[ACTION ITEM]
From the listing below, reproduce exactly the lines starting with the one with "Будь здоров сеть аптек - визитка" and going on through the one with "Kirkman Vitamin C", both ends kept. No picture is copied.
*** Opening ENTRIES SHOWN ***
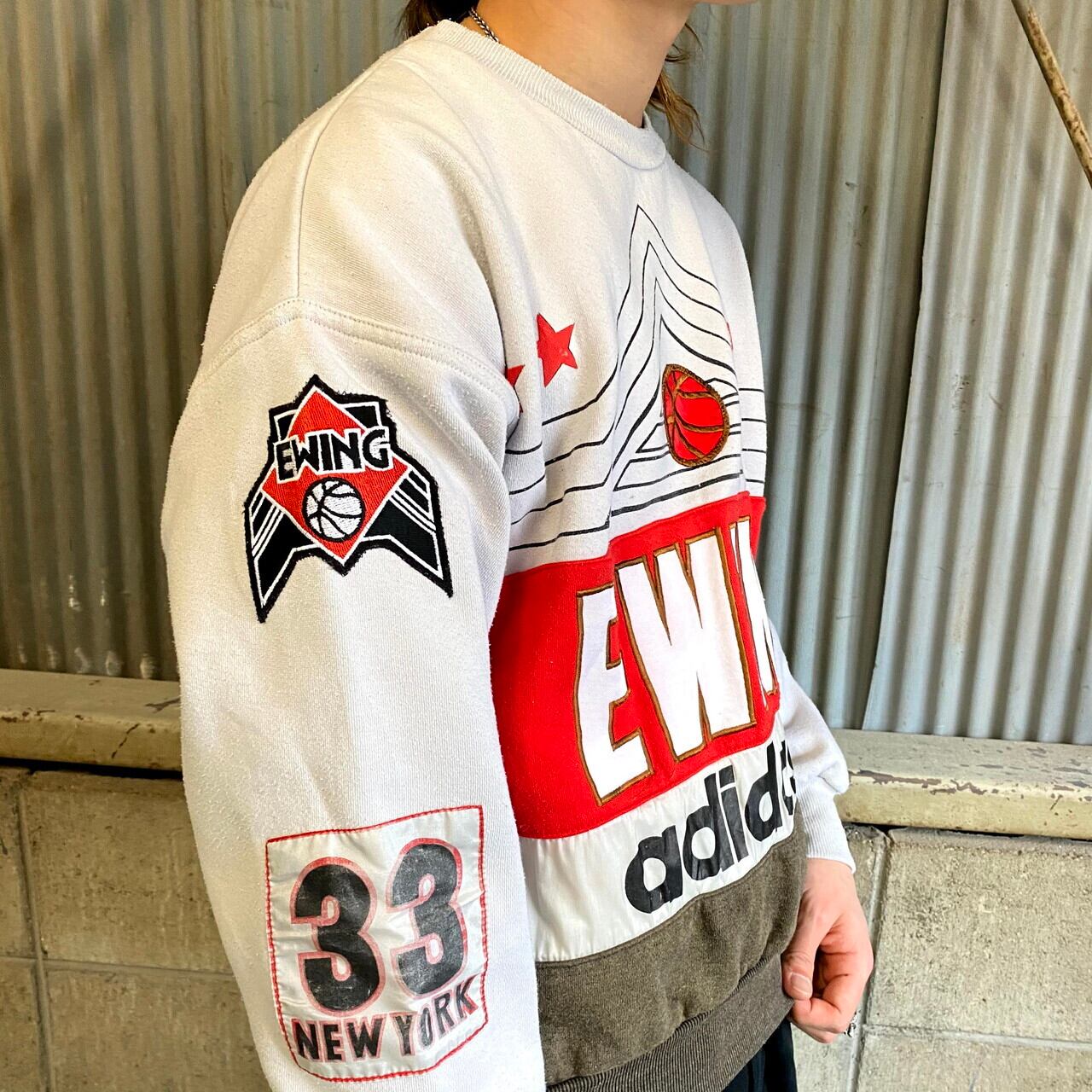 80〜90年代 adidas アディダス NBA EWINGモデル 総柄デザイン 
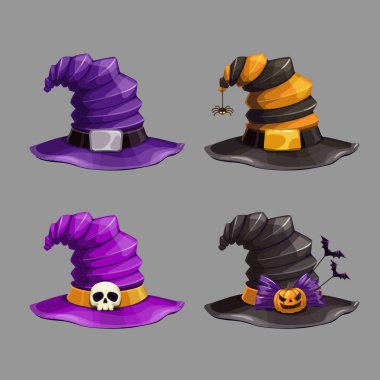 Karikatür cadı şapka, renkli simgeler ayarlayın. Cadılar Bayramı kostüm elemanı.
*** Closing ENTRIES SHOWN ***
*** Opening ENTRIES SHOWN ***
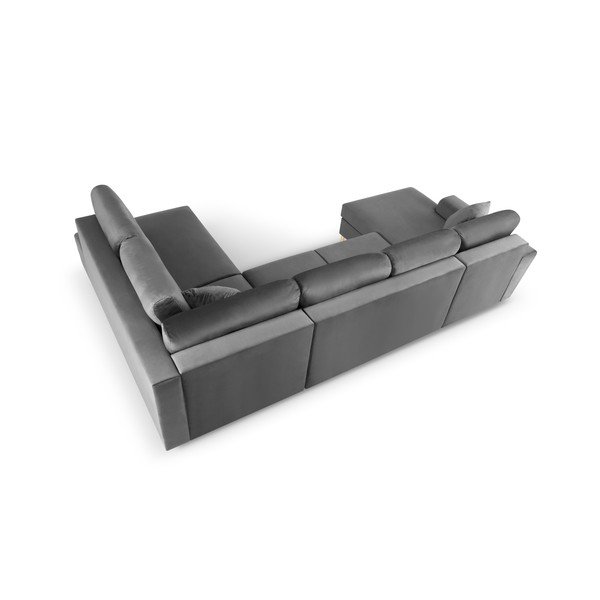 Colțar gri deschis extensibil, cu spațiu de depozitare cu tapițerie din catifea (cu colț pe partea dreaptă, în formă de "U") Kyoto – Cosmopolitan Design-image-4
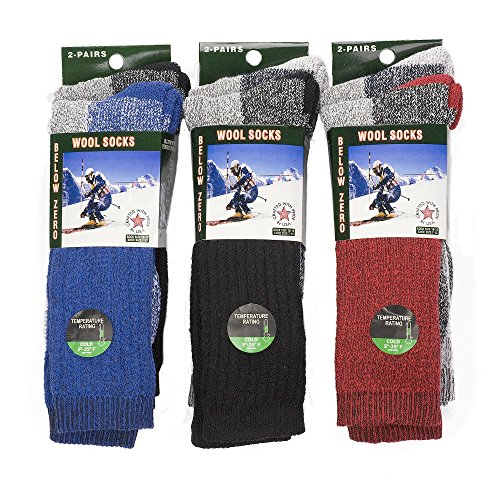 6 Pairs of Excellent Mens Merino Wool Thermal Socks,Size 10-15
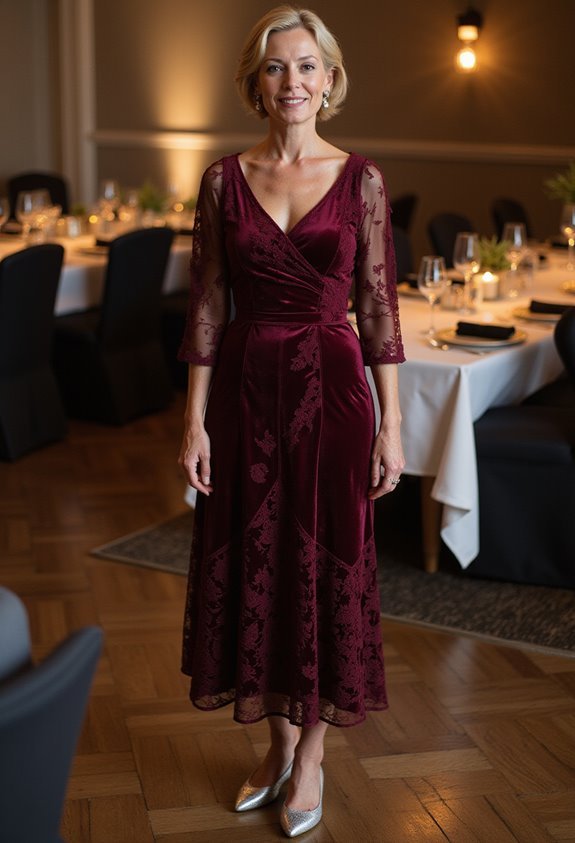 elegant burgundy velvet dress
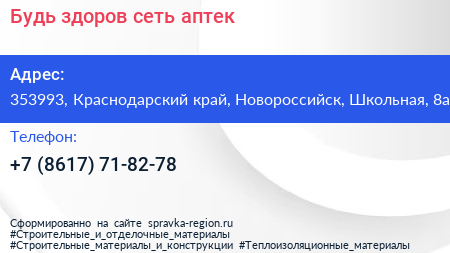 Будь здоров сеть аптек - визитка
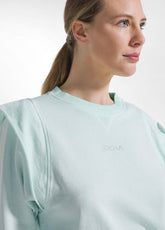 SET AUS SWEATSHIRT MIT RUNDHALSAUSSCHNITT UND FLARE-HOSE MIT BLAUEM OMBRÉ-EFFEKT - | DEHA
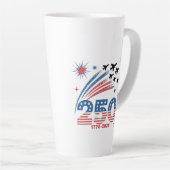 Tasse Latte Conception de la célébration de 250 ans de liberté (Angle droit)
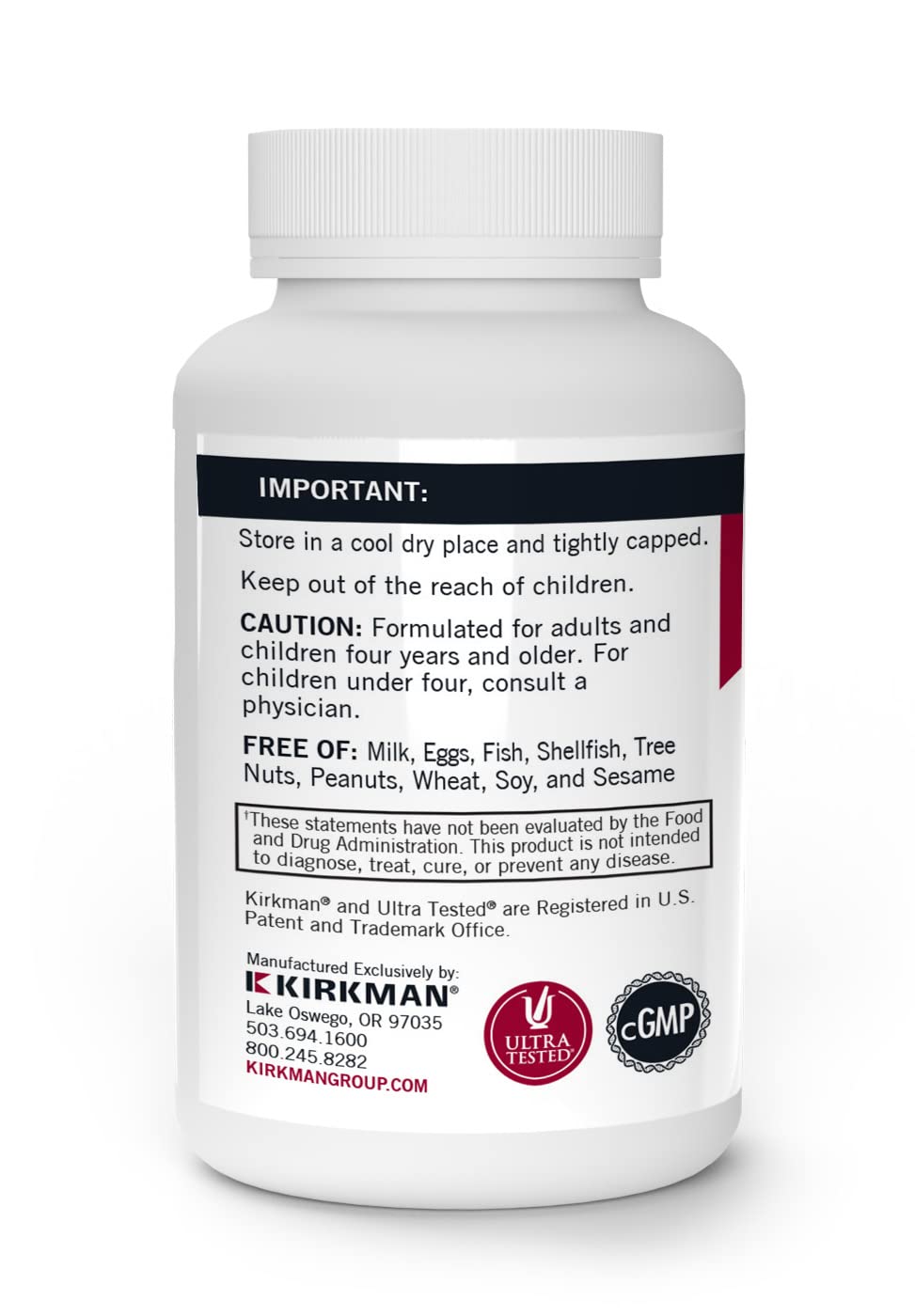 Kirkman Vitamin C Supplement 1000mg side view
*** Closing ENTRIES SHOWN ***
*** Opening ENTRIES SHOWN ***
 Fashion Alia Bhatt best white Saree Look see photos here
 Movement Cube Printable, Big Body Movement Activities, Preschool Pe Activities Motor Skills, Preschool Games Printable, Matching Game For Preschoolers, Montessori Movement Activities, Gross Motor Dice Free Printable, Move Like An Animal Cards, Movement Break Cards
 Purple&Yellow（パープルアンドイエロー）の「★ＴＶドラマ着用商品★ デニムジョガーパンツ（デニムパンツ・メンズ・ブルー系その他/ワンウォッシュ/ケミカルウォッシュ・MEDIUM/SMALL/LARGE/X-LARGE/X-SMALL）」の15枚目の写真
*** Closing ENTRIES SHOWN ***
[SOLUTION FOR THIS TASK]
 Будь здоров сеть аптек - визитка
 SET AUS SWEATSHIRT MIT RUNDHALSAUSSCHNITT UND FLARE-HOSE MIT BLAUEM OMBRÉ-EFFEKT - | DEHA
 Tasse Latte Conception de la célébration de 250 ans de liberté (Angle droit)
 Kirkman Vitamin C Supplement 1000mg side view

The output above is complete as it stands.